L'articolo della domenica

Questa Costituzione ci ha fregato il futuro

La paura di governi forti ha portato allo stallo. E i giovani ringraziano

Tutti i parlamentari e gli opinionisti politici sono convinti che ci sia qualcosa da cambiare nella «Costituzione più bella del mondo» che i nostri padri costituenti hanno creato terrorizzati da un possibile ritorno del fascismo o da un eventuale fiorire del comunismo staliniano. E poiché questi regimi erano fondati sul potere esecutivo essi hanno fatto in modo che il governo non avesse alcun potere.

Un governo eletto dal popolo se fa bene viene premiato nelle elezioni successive, se fa male viene sostituto. Ma nella storia della Repubblica italiana non c'è nessun governo eletto dal popolo. Tutti i governi sono stati decisi a tavolino dai segretari e i notabili di partiti. E quando anche un partito otteneva una grande affermazione popolare, poi, per fare un governo, doveva accordarsi con altri partiti, gruppi, gruppuscoli che lo tenevano continuamente sotto ricatto. Di qui la lentezza delle decisioni e i ritardi cronici in tutti i campi.

Il decadimento culturale, economico e giudiziario italiano è il prodotto di questa paralisi del sistema nervoso centrale del Paese, che si ripercuote dovunque. I politici lo sanno benissimo, tant'è vero che da decenni non parlano altro che di riforme. Ma non le fanno perché sono terrorizzati che se ne avvantaggino gli avversari o semplicemente perché temono di perdere il posto.
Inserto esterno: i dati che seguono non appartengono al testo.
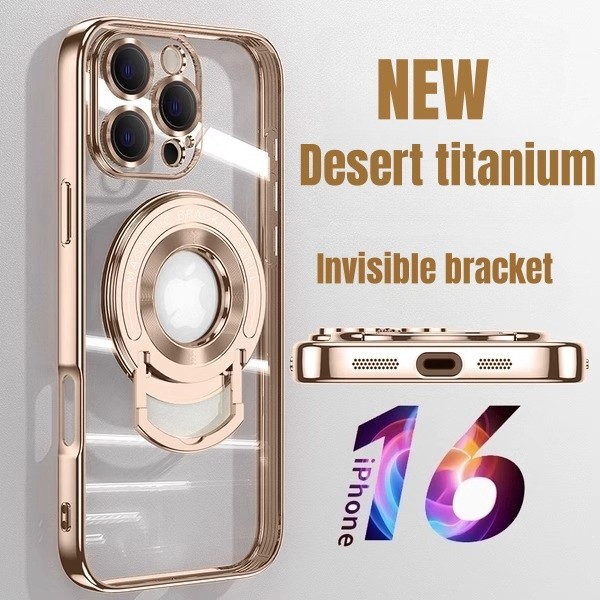 ทะเลทรายไทเทเนียมหรูหราชุบสําหรับiphone 16 Pro Max 15 14 13 12 11 Pro Max 16 Plusแหวนที่มองไม่เห็นKickstandใสกันกระแทกปลอกแข็ง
Conservano così tutti insieme in vita quel moloch immobile a cui giustamente è stato dato il nome di casta. Un moloch che anche stavolta è riuscito a frenare e rallentare la riforma elettorale anche se si trattava di un cambiamento modesto. Nei prossimi mesi faranno di tutto per far fallire il grande progetto riformista che sostengono di volere a parole, e se le cose andranno avanti sarà solo grazie all'arrivo sulla scena politica di gente giovane, che ha studiato e lavorato negli Stati Uniti o nei Paesi europei e diffida dei miti fondatori della Repubblica e dei suoi bizantini riti politici.

Una generazione che sta provando su di sé gli effetti della nostra anarchia parlamentare e che quindi è più pronta a cambiare.